A manter-se o aumento exponencial de infecções, provocadas pelo vírus, o Brasil corre sérios riscos de se tornar um país ingovernável a curto prazo: desde logo pela estupidez do seu presidente, um demente fascista, para quem a vida dos seus cidadãos nunca importou (sempre elogiou a ditadura e os seus torturadores); depois, pelos meios sanitários insuficientes para acudir a uma população empobrecida e desesperada em sobreviver, que pode vir a revoltar-se, se não tiver alternativas.
Temendo isso, os militares (com Mourão à cabeça) movimentam-se na retaguarda, construíndo cenários e fazendo ameaças, projectando já um futuro sem Bolsonaro. Mas, com quem? Essa é a grande questão neste país, dividido após o golpe contra Dilma, que permitiu aos fascistas chegar ao poder através de eleições.

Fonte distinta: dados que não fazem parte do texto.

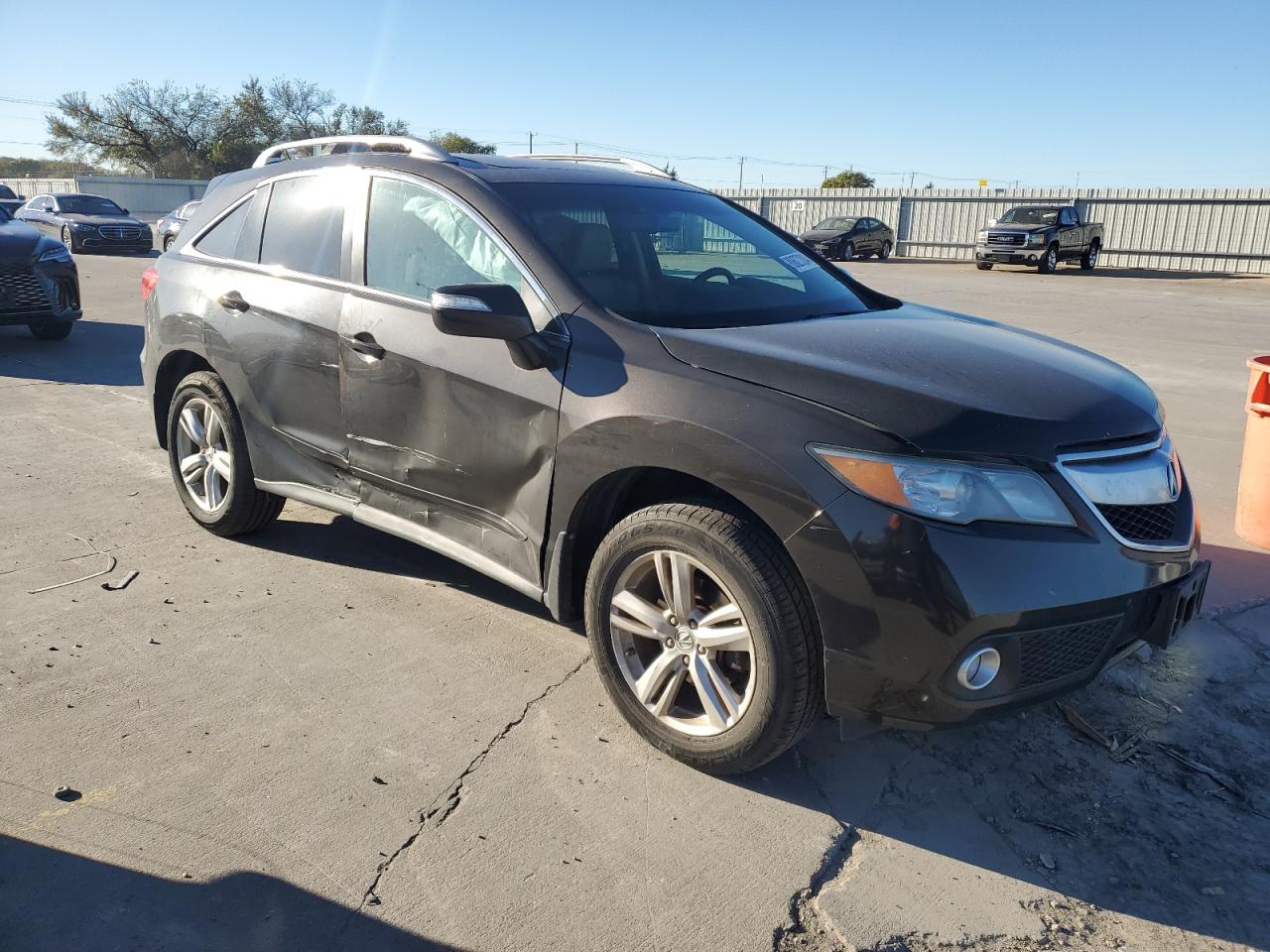 VIN 5J8TB3H51EL008530 2014 ACURA RDX no.4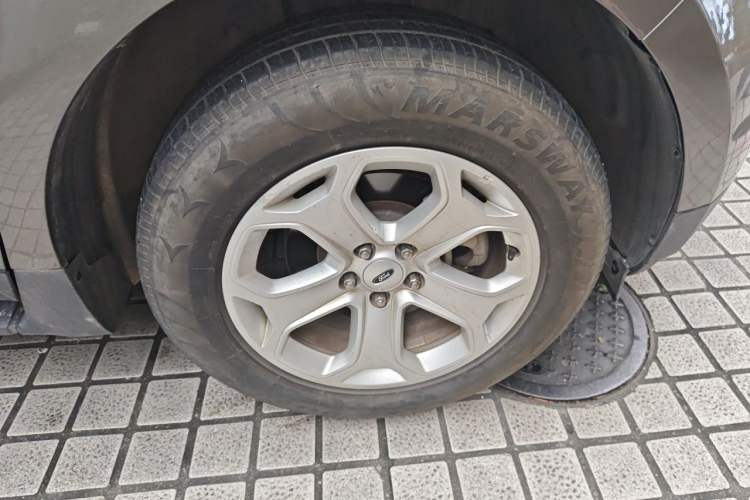 Used Ford Edge 2012 2.0T Elite Edition Right Front Wheel Hub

Entretanto, na Europa, continuam as negociações para criar um fundo europeu de ajuda aos países afectados pela pandemia. Depois de um primeiro confronto no Eurogrupo, entre os defensores de "eurobonds" (Espanha, Itália, Portugal e França) e os defensores de empréstimos, através do Fundo de Estabilidade e Emergência Monetária (Holanda, Austria, Finlândia e Suécia), que opôs violentamente a Holanda e a Itália, conseguiu chegar-se a um acordo de intenções, que resultou na aprovação de um Fundo de 500.000 milhões de euros a fundo perdido (proposta da Comissão). Esta semana, a proposta foi, de novo,  alvo de discussão. Em princípio, os países pareciam estar de acordo, já que a crise actual não é uma crise económica (como a anterior), mas sanitária (que a todos afecta) e para a qual são exigidas medidas de solidariedade. Acontece que, a solidariedade europeia, já conheceu melhores dias. Os países do Norte (Holanda, Austria, Suécia e Dinamarca) só aceitam a subvenção a "fundo perdido" (uma variante da "mutualização da dívida") caso as contas dos países do Sul possam ser auditadas e controladas exteriormente...Subjacente a esta ideia, está a convicção de que a fraude é uma especificidade do Sul, como se os países do Norte fossem mais sérios. Basta lembrar a existência do "offshore" holandês, que enche os seus cofres com o dinheiro de impostos desviados do Sul, para constatar que a Holanda (e os restantes países que apoiam a sua posição), não tem qualquer moral nesta questão, pois pratica uma política de "olha para o que eu digo, mas não olhes para o que faço". Maior hipocrisia, era difícil.
Posto isto, qual a solução? 
A não ser que, mais uma vez, Merkel (e Macron) "ponha ordem" nesta inacreditável exigência por parte de países que se consideram "moralmente superiores" (como se não tivessem todos sido atingidos pelo mesmo vírus), não se vê uma saída airosa para esta crise. A menos que a Europa se divida ainda mais.  Nesse caso, terminará enquanto projecto europeu. Já faltou mais.